Miguel dibujò una expresión constreñida en su rostro. Se callò por varios segundos.
Para empezar, no tenía amigos. Y si tuviera un amigo, tengan por seguro que no viviría en el Callao.
—E-eh... —Miguel se quedó mudo—. N-no. No realment...
—El señor Manuel vive acà en el Callao.
—Sì, asì veo... —dijo Miguel, con cierto desagrado—. ¿Y desde hace cuànto èl está por... por acà?
—¿Èl señor Manuel?
—Ajà.
—El señor Manuel está hace como dos años, creo.
Y se quedaron en silencio. Miguel, pensativo, entonces se percatò del trato que el taxista daba a Manuel.
''El señor Manuel''.
¿Por què son ese tono se refería de forma tan respetuosa a Manuel? ¿''Señor''? Como si Manuel fuese un hombre un tanto distinguido.

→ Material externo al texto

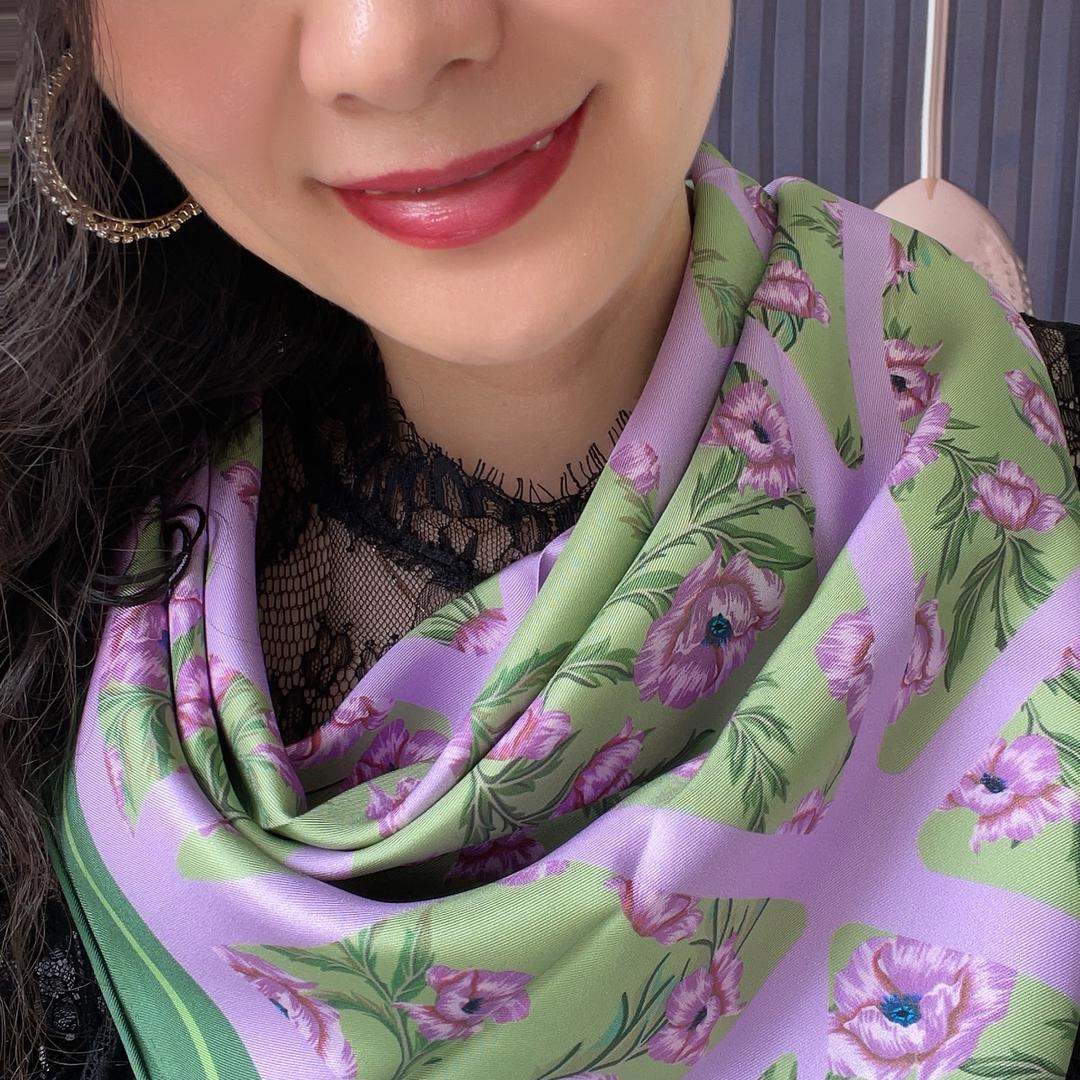 乐乐妈（首播筹备中）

Cuando Miguel entonces abrió la boca para preguntarle por ello, el taxista se detuvo en un cruce, y un hombre del exterior se acercò a la ventana del conductor.
—Oe' ¿para dónde vas?
—Voy a Miraflores —respondió el taxista, a un hombre que era al parecer, un amigo.
—¿A Miraflores? ¿A què pituco de mierda te llevas para allá? —dijo un tanto molesto, metiendo su cabeza por la ventana y observando el asiento trasero de forma desafiante; Miguel se encogió un poco del miedo.
El taxista le dio un codazo al otro hombre. Este lanzó un quejido.
—Màs respeto, oe' —le dijo—. El joven es amigo del señor Manuel.
El otro hombre se sobresaltó, y se dio un golpecito en la boca a sí mismo, como modo de castigo.
—Chucha, perdón —se disculpó—. ¿Por què no lo dices de un principio, huevòn? —le dijo ahora al taxista—. Disculpa, de verdad —le dijo de nuevo a Miguel—. No sabía que eras amigo del señor Manuel.
Miguel observó extrañado, y solo asintió despacio con la cabeza.
—Ya ps huevòn, déjame seguir trabajando. De vuelta conversamos —dijo el taxista, y le dio un golpecito en el brazo al otro.
Siguieron avanzando, y entonces Miguel, pudo al fin preguntar:
—¿Por què lo tratan asì?
El taxista le observó a través del espejo retrovisor.
—¿A quién, joven?
—A... a Manuel.
—Ah, ¿al señor Manuel?
—Sì —asintió Miguel—. ¿Por què lo tratan con tanta... diplomacia?
El taxista sonriò.
—¡¿Què por què lo tratamos asì?! —exclamò divertido—. ¡Porque el señor Manuel es muy querido y respetado acà en el Callao!
Miguel contrajo un poco sus pupilas, escuchando con atención.
—Muchacho, si tù le preguntas a cualquiera de estas personas por el señor Manuel, todos te dirán maravillas de èl. Acá èl es muy respetado. Èl podría salir, si lo desea, a las tres de la madrugada a dar un paseo, y absolutamente nadie le hará daño. Es màs; lo saludarán y le darán las buenas noches.
Miguel comenzó a dibujar una expresión algo aterrorizada en su rostro; no cabía la menor duda.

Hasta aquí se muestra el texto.